= Beginning of Section =

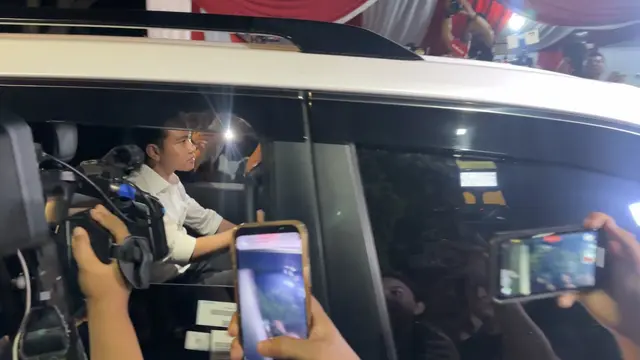 Wakil Presiden Terpilih Gibran Rakabuming Raka selesai mengikuti pembekalan perdana yang digelar di Hambalang, Bogor, Jawa Barat (Liputan6.com/Nanda Perdana Putra)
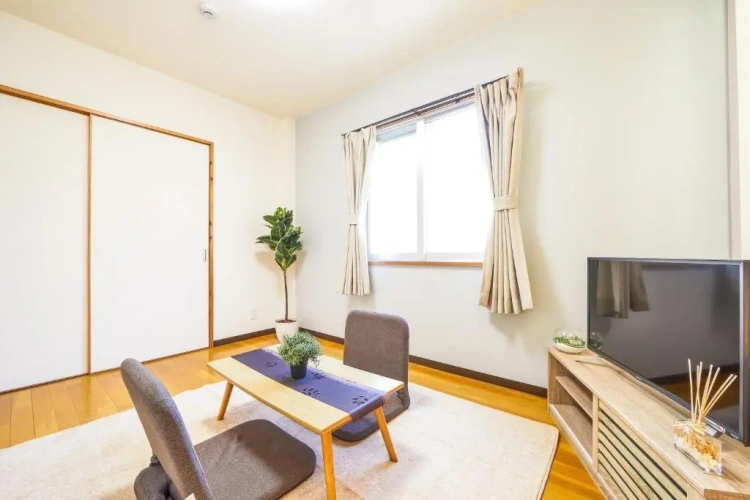 2 Bedrooms Apartment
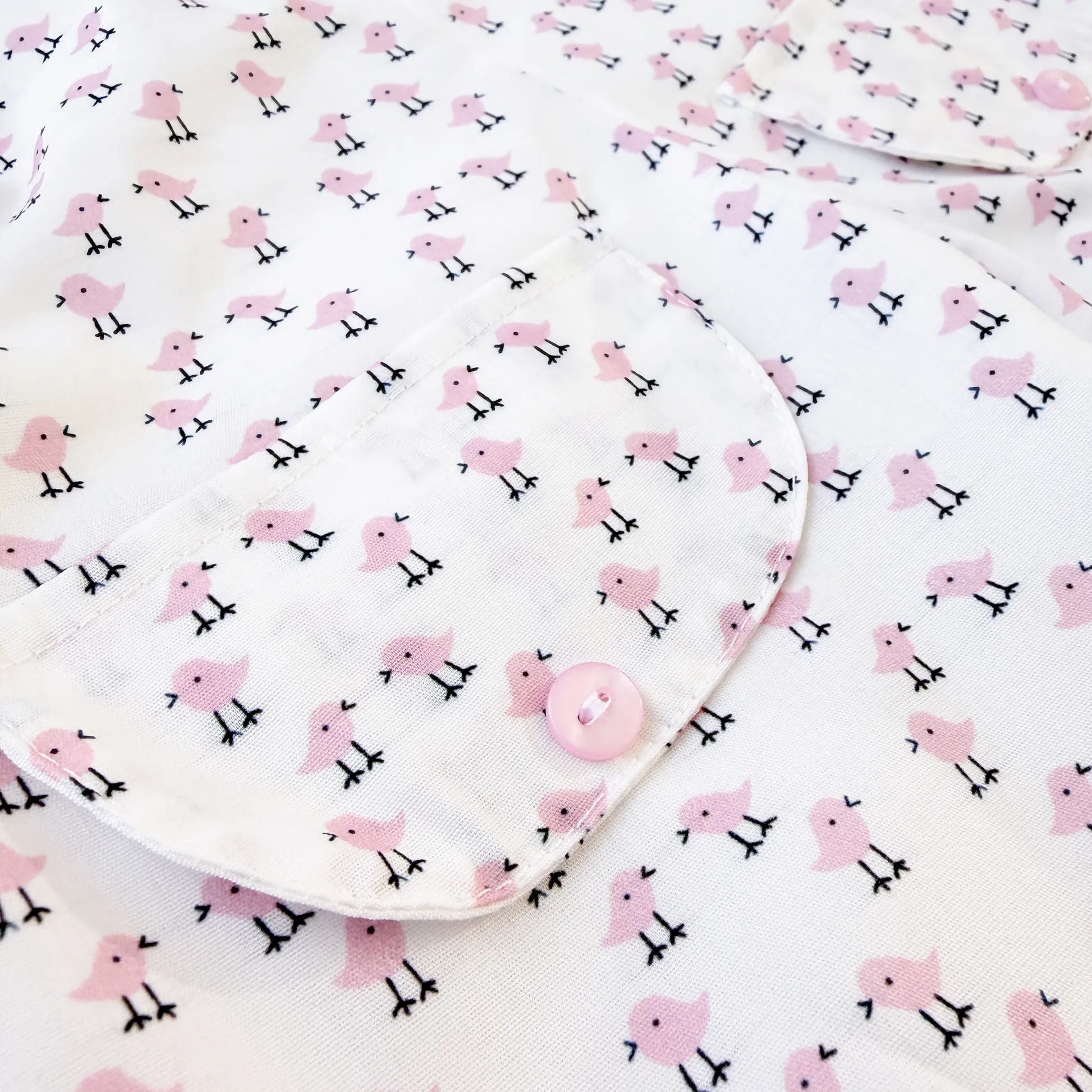 Detalles de conjunto de niña de peto y camiseta con estampado de pollitos rosa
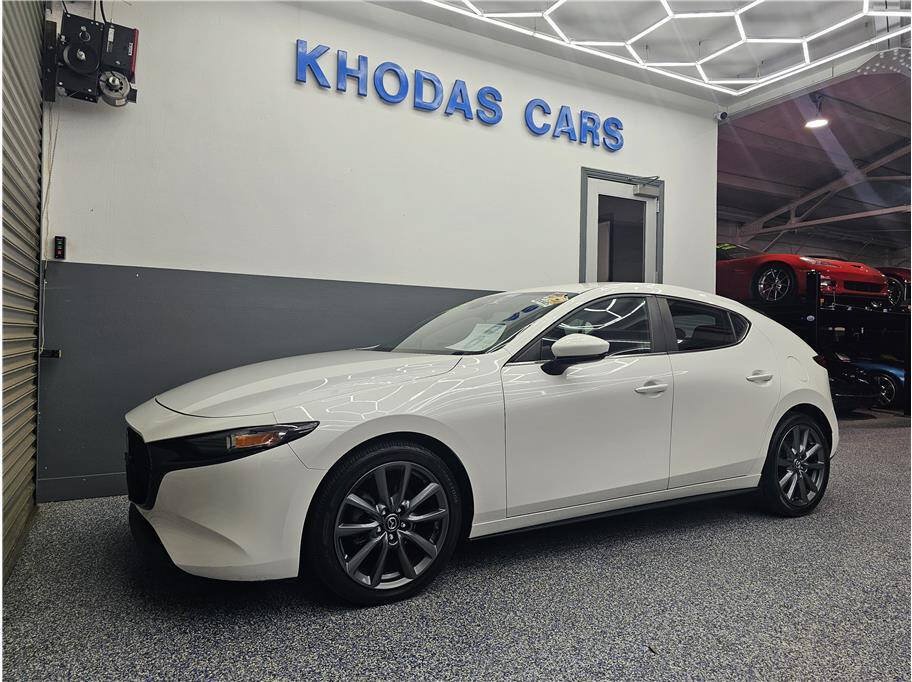 Used 2021 MAZDA MAZDA3 s FWD image 2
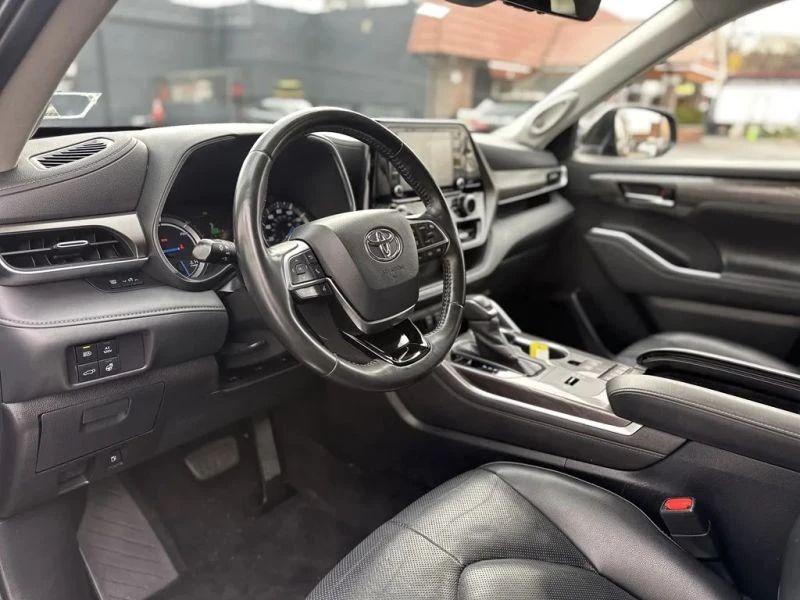2020 Toyota Highlander - Image 10 of 12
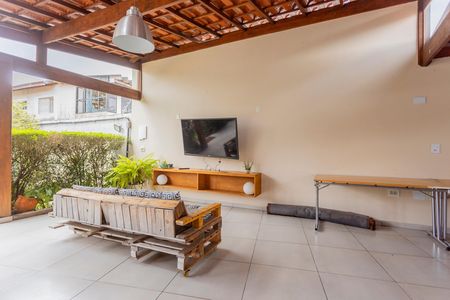 Casa à venda com 680m², 3 quartos e 5 vagasÁrea de lazer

= End of Section =

**PROBLEM**
Transcribe exactly the line that contains "Detalles de conjunto" and each line after it through the end of the listing. Leave out the pictures.

**WORKED SOLUTION**
 Detalles de conjunto de niña de peto y camiseta con estampado de pollitos rosa
 Used 2021 MAZDA MAZDA3 s FWD image 2
2020 Toyota Highlander - Image 10 of 12
 Casa à venda com 680m², 3 quartos e 5 vagasÁrea de lazer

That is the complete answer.